2.2 What the Simplified Framework Requires
CDR 2024/1772 defines the Art.16 simplified framework. It is not a compliance exemption — it is a proportional version of Art.5-14.
Retained obligations (apply to Art.16 entities in simplified form):
| Full Framework | Simplified Equivalent |
|---|---|
| Art.5: ICT risk management framework | Basic ICT risk policy document, annual review |
| Art.6: ICT systems and tools | Core system inventory, availability targets defined |
| Art.7: ICT asset management | Simplified asset register (critical assets only) |
| Art.8: ICT risk identification | Annual risk assessment, documented |
| Art.9: ICT security policies | Password policy, MFA for admin access, basic patch process |
| Art.10: ICT incident detection | Log collection for critical systems, contact for reporting |
| Art.11: BCP policy | Basic continuity plan with RTO/RPO for critical functions |
| Art.12: Backup procedures | Daily backups of critical data, tested annually |
| Art.13: Post-incident review | Incident log maintained, root cause noted |
| Art.14: Communication | Named contact for ICT incidents, escalation path |
Key differences from the full framework:
-
No CDR 2024/1774 granularity required: The specific CVSS patch timelines, DMZ requirements, and quarterly access reviews in CDR 2024/1774 apply to full-framework entities.
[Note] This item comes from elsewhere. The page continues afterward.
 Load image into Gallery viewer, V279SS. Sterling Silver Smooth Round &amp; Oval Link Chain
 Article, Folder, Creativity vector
Art.16 entities follow the simplified CDR 2024/1772 standards instead.
-
No Art.11(5) annual full-failover testing: Art.16 entities need to test their BCP annually but tabletop exercises are sufficient — full failover testing is not required.
-
No Art.14(1)(c) public communication templates: The simplified framework focuses on internal escalation paths, not public communication plans.
-
Proportional asset inventory: Art.7 for full-framework entities requires a comprehensive asset register across all ICT components. Art.16 entities need only identify and document critical assets.
2.3 The Simplified ICT Security Policy Template
CDR 2024/1772 Annex I provides a template structure. Minimum required sections:
@dataclass
class Art16SimplifiedICTPolicy:
"""Minimum required policy structure under CDR 2024/1772 Annex I."""
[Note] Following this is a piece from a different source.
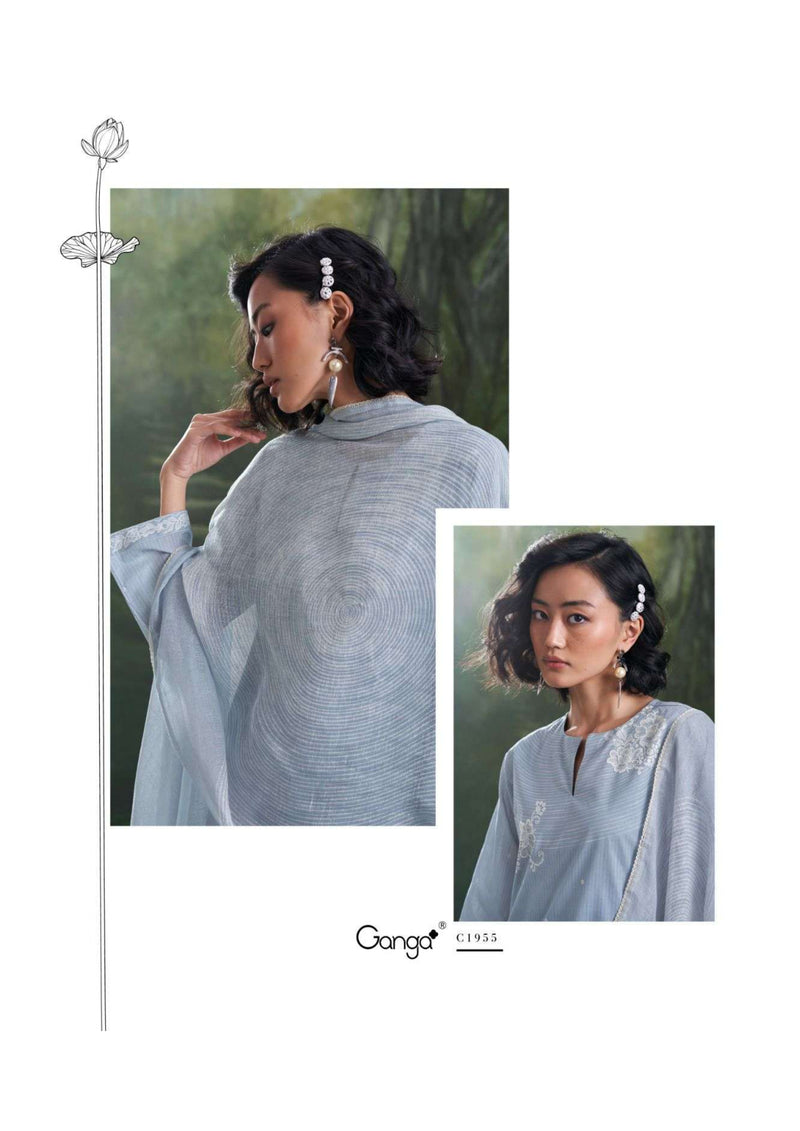 Ganga Fashion Nihira Cotton Linen Printed Festival Wear Salwar Suit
# Section 1: Scope and Objectives
entity_name: str
policy_owner: str # must be C-level
policy_version: str
review_date: date # at least annual
critical_ict_systems: list[str]
# Section 2: Access Control (CDR 2024/1772 Art.4)
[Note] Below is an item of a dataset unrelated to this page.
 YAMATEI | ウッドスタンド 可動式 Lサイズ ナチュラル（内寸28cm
admin_mfa_enabled: bool # MANDATORY — no simplified exception
password_policy: str # minimum complexity defined
admin_account_list: str # reference to maintained register
# Section 3: Data Protection (CDR 2024/1772 Art.5)
sensitive_data_locations: list[str]
encryption_at_rest: bool # for sensitive customer data
encryption_in_transit: bool # TLS minimum
# Section 4: Patch Management (CDR 2024/1772 Art.6)
patch_process_description: str
critical_patch_timeline_days: int # max 30 days (vs 1 day in CDR 2024/1774)
# Section 5: Backup (CDR 2024/1772 Art.7 — mirrors Art.12)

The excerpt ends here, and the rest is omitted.